Hast du die Penn Slammer schon im Bodden getestet?

Gilt sie denn rein formal auch als salzwasserfest?

Danke für eure ANtworten


----------



## Pikepauly (30. November 2008)

*AW: Penn SArgus*

Ich hab keine Slammer.

Kenne aber einige von Kumpels.
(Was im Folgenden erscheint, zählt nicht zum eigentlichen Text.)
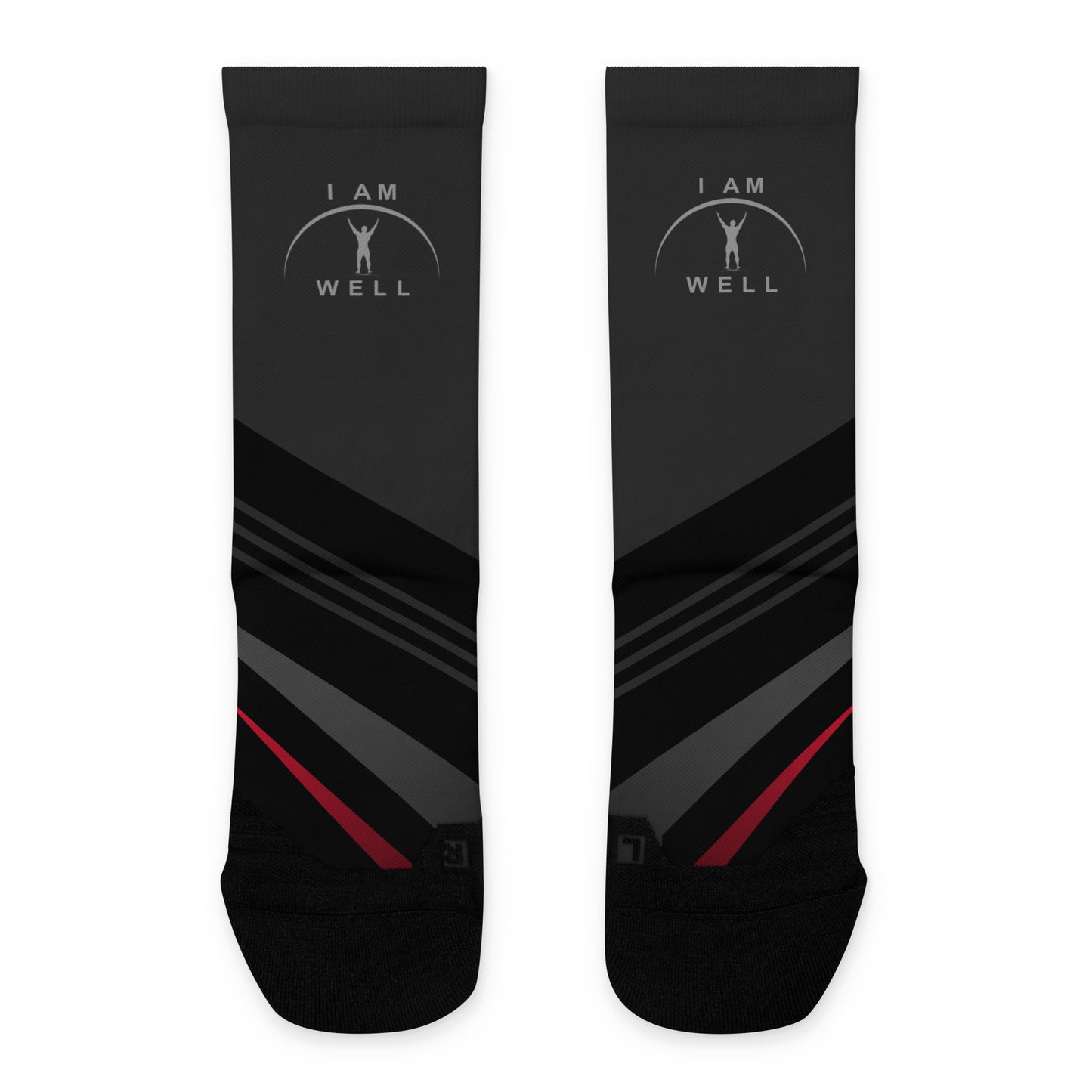 I AM WELL Men's Athletic Crew Socks - Black and Red Bolt w/ Grey Logo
Teilweise frische, teilweise gut eingelaufen.
Und die laufen gut und nicht mit diesem Wahnsinnswiderstand wie die Sargus.
Der Angler der mich netterweise seine Sargus mal probekurbeln lassen hat, hat diesen locker 400 Gramm schweren "Trümmer" mit ner Daiwa Infinty Meerforellenrute "gekoppelt".
Watn Irrsinn, sone leichte Rute und dann sone Rolle.

Ich fische an den Bodden ne 4000 er Stella, die hält das auch aus.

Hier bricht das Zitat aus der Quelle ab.